Et cet attrait pour des séries et un genre emblématiques du cinéma américain n’est pas un hasard. Depuis le succès de Yellowstone, la chaîne et plateforme Paramount+ (anciennement appelée CBS All Access, et toujours indisponible dans nos contrées) lui déroule le tapis rouge. Taylor Sheridan développe déjà deux spin-offs de Yellowstone (1883 et 6666) et a profité de cette liberté et de la confiance de la plateforme pour créer des mini-séries originales (Mayor of Kingstown, Kansas City) avec toujours le même contexte géographique voire politique : l’Amérique pastorale dans un western contemporain aux valeurs très masculines et républicaines, déjà renommé par les médias locaux comme le “Taylor Sheridan Universe”.
Or, dans une Amérique encore déchirée par le mandat de Donald Trump, ce cadre et ce contexte hors de toute justice sociale plaisent voire fascinent. Mieux, il attire les foules en masse devant la télévision, si bien que Yellowstone est devenue, en quelques saisons, la série la plus puissante du câble américain, détrônant The Walking Dead au passage, qui occupait cette position depuis une dizaine d’années. Mais comment expliquer un tel succès pour une série souvent considérée comme très clichée, toxique dans son écriture des personnages et aussi soapesque qu’un téléfilm de l’après-midi sur une chaîne gratuite ?
Une série qui explose les records…
Comme son nom l’indique, Yellowstone se déroule dans les vastes terres du Montana.
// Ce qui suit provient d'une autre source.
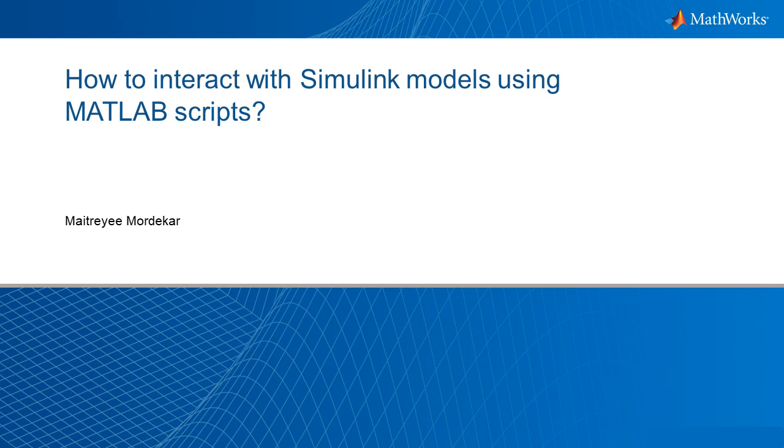How to interact with Simulink models from MATLAB scripts? This is a question that I would like to answer in this video but the first question is why do we need to do this when we have an easy and interactive way to create and edit Simulink models.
On y suit le quotidien des Dutton, une famille de fermiers à la tête du plus grand ranch des États-Unis. Une véritable mine d’or qui se transmet de génération en génération, mais qui attire aussi l’œil de politiciens véreux, de promoteurs immobiliers alléchés par le gain et des réserves indiennes chassées de leurs terres aux alentours. John Dutton, le patriarche incarné par Kevin Costner, s’assure du bon fonctionnement du ranch mais aussi de le protéger contre ce qu’il considère comme une menace, sans chercher à comprendre si leurs intentions sont louables ou non.
Yellowstone oscille principalement entre deux genres : le soap et le western. D’un côté, la série plonge dans les tourments d’une famille dysfonctionnelle à la Succession, où certains enfants de John sont moins bien considérés que d’autres et les drames familiaux se multiplient, allant de la trahison au meurtre souvent de manière absurde. De l’autre, elle peut soudainement tomber dans un climax de violence à travers une vision très virile du western, où s’enchaînent courses-poursuites à chevaux, règlements de compte entre cow-boys et homicides sanglants en guise de twists récurrents.
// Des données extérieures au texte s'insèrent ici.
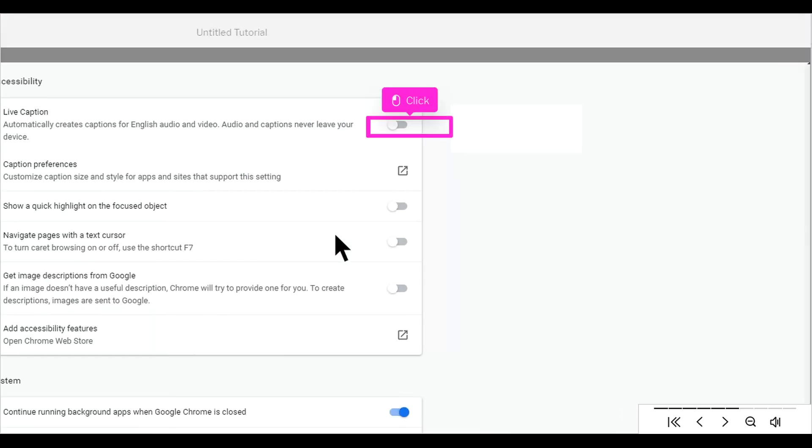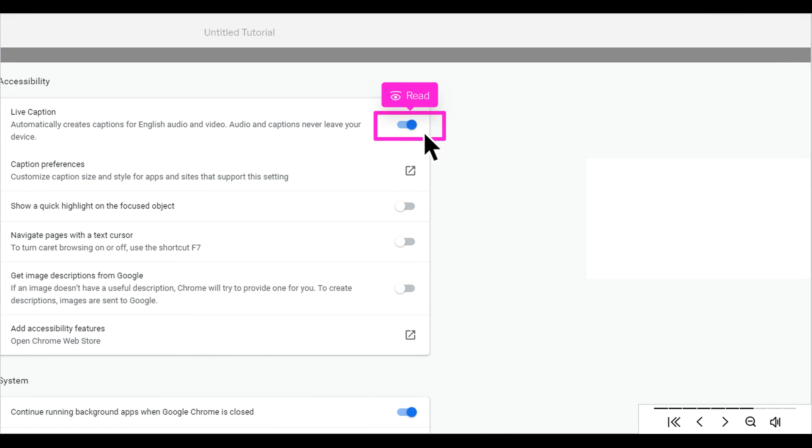Click the toggle button next to Live Caption. Live captioning is now toggled on.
En d’autres termes, la série de Taylor Sheridan n’est pas très bonne et loin de séduire les critiques américains par ailleurs. Elle accumule des clichés poussiéreux sur la masculinité, propose en sous-texte un discours très conservateur et patriotique hérité des westerns, et remet sur un piédestal l’American way of life, une éthique de vie soutenue notamment par d’anciens présidents comme George W. Bush et… Donald Trump. Bref, c’est assez surprenant pour le dire mais Yellowstone est une série de droite, qui vise un public à l’idéologie républicaine, sans toutefois tomber dans les travers du racisme (mais un peu de la xénophobie tout de même). Et non seulement ça fonctionne, mais la série cartonne sur les écrans américains.
Depuis la diffusion de sa première saison en 2018, Yellowstone ne cesse de gratter des téléspectateur·i·ces en live, comprenez en direct sur leur télévision, sur Paramount Network, sans même ajouter les chiffres de sa plateforme Paramount+. Onze millions étaient présent·e·s lors de l’épisode final de la saison 4, une audience vertigineuse qui rivalise voire dépasse les chiffres de The Walking Dead et Game of Thrones à leur apogée, respectivement sur HBO et AMC, deux cadors du câble. Et comme on le disait précédemment, les chiffres connaissent une progression exponentielle qu’on ne pensait jamais revoir sur la télévision à l’âge d’or des plateformes de streaming, d’où l’impact probable de la pandémie.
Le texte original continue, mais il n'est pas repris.